(Beginning of Data extract)
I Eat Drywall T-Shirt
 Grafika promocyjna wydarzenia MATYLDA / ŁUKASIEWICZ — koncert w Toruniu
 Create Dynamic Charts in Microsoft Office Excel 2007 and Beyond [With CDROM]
(End of Data extract)
Exercise goal:
Would you output the full listing exactly as given?

Solution to this task:
I Eat Drywall T-Shirt
 Grafika promocyjna wydarzenia MATYLDA / ŁUKASIEWICZ — koncert w Toruniu
 Create Dynamic Charts in Microsoft Office Excel 2007 and Beyond [With CDROM]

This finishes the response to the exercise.